Arbeitsorganisation gesund gestalten während der CORONA-Pandemie
Wie kann Arbeit so gestaltet werden, dass Infektionen minimiert werden?
27.03.2020 | geschrieben von Agnes Kaminski
Die COVID-19 Pandemie hat inzwischen alle Lebensbereiche erreicht.
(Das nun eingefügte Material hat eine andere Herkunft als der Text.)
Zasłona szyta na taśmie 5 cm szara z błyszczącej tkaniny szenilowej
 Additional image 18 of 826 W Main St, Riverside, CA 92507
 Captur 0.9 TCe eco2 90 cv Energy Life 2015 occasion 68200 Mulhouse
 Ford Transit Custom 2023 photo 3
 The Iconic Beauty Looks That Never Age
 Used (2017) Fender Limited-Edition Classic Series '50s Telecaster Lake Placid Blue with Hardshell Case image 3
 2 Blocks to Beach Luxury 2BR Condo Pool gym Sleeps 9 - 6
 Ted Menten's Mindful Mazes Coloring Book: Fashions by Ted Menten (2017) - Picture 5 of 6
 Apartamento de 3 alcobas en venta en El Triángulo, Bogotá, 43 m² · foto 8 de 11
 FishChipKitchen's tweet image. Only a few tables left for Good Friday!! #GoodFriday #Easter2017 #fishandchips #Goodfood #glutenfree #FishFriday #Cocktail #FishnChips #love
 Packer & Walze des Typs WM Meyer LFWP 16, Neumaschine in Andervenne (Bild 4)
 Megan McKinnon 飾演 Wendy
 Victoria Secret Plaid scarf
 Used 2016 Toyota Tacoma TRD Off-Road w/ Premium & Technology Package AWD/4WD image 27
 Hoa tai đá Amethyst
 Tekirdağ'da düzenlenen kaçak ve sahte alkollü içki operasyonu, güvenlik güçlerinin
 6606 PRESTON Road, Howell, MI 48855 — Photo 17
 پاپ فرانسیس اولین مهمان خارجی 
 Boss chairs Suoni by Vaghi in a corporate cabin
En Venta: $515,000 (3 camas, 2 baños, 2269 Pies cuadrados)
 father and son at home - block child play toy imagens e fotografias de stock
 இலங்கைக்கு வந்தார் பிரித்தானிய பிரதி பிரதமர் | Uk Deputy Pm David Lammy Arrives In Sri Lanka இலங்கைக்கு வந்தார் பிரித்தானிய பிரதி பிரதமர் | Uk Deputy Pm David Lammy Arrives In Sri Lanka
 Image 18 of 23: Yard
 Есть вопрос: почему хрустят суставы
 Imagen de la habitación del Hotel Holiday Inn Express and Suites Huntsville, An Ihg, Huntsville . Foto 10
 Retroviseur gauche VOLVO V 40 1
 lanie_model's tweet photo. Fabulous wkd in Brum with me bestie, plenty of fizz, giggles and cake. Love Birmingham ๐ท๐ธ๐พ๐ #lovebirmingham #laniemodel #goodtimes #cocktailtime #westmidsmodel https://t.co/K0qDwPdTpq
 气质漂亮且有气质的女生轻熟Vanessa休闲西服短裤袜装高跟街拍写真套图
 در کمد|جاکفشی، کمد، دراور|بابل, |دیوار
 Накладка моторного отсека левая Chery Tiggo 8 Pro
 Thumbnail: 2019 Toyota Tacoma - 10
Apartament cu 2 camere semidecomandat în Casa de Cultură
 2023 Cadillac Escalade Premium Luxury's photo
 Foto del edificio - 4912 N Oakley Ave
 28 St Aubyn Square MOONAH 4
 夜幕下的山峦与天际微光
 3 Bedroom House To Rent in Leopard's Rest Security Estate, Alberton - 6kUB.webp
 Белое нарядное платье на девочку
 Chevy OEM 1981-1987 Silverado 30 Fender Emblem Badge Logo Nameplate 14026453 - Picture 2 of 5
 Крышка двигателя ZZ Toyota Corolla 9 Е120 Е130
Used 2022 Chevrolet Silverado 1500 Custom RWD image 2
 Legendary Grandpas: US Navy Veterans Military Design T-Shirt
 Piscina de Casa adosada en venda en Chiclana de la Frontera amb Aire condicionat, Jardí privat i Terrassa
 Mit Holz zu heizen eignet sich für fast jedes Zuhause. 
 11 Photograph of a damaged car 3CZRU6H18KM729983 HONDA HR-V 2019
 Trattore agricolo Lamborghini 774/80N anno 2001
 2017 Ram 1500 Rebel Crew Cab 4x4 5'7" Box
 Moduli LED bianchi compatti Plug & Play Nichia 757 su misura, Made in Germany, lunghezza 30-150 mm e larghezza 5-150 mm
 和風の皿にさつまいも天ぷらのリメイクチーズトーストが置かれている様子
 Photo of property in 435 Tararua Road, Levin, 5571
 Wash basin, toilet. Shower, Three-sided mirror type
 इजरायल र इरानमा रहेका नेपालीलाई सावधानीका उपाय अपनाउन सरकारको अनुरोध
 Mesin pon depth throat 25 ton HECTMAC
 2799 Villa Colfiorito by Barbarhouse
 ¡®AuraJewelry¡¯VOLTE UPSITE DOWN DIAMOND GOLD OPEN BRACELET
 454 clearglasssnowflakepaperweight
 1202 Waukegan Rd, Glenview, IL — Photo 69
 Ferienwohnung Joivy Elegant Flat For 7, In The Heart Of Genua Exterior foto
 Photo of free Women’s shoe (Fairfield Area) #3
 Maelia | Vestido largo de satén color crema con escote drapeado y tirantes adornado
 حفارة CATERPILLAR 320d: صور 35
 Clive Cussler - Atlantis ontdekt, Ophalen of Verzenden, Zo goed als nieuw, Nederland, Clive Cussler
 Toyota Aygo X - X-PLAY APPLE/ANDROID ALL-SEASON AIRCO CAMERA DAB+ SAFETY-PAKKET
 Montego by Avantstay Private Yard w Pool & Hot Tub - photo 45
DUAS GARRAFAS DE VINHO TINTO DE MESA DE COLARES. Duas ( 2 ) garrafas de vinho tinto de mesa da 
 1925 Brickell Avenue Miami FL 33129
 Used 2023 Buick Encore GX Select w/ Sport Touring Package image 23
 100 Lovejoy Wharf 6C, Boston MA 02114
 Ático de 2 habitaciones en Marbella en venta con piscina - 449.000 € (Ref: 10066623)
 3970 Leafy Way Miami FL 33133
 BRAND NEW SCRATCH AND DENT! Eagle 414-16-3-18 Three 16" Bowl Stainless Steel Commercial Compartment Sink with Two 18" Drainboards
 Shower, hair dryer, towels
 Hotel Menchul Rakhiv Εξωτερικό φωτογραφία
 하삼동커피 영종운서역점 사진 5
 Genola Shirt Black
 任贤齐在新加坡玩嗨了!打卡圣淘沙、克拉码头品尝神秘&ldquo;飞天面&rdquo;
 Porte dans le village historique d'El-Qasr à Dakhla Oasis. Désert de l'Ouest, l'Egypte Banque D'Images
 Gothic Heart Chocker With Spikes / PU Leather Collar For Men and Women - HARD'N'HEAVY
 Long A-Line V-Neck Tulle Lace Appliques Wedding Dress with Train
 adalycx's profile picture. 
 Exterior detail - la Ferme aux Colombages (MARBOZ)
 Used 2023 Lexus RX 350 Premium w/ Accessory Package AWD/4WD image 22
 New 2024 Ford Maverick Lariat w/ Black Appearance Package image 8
Unternehmen stellen sich zunehmend die Frage: wie kann ich die Arbeit so organisieren, dass ich der Fürsorgepflicht für meine Mitarbeitenden gerecht werde und die Ansteckungsgefahr im Unternehmen reduziere aber trotzdem Tätigkeiten ausgeführt werden können.
Ich versuche Ihnen dazu einfache und bewährte Ideen aufzuzeigen.
Zur Autorin: Agnes Kaminski ist Gesundheitswissenschaftlerin und Beraterin in den Bereichen Gesund Arbeiten, Führung und Personalbefragung sowie unsere Expertin zur Durchführung der psychischen Gefährdungsbeurteilung.
Es gilt, das Alltagsleben und damit auch unternehmerische Tätigkeiten und Arbeitsabläufe so zu organisieren, dass soziale Kontakte auf ein Minimum reduziert werden. Davon versprechen sich die Experten, dass die zu erwartende Erkrankungswelle aufgrund von Covid-19-Infektionen sich über einen längeren Zeitraum ausdehnen wird und nicht zum gleichen Zeitpunkt sehr viele Menschen erkranken.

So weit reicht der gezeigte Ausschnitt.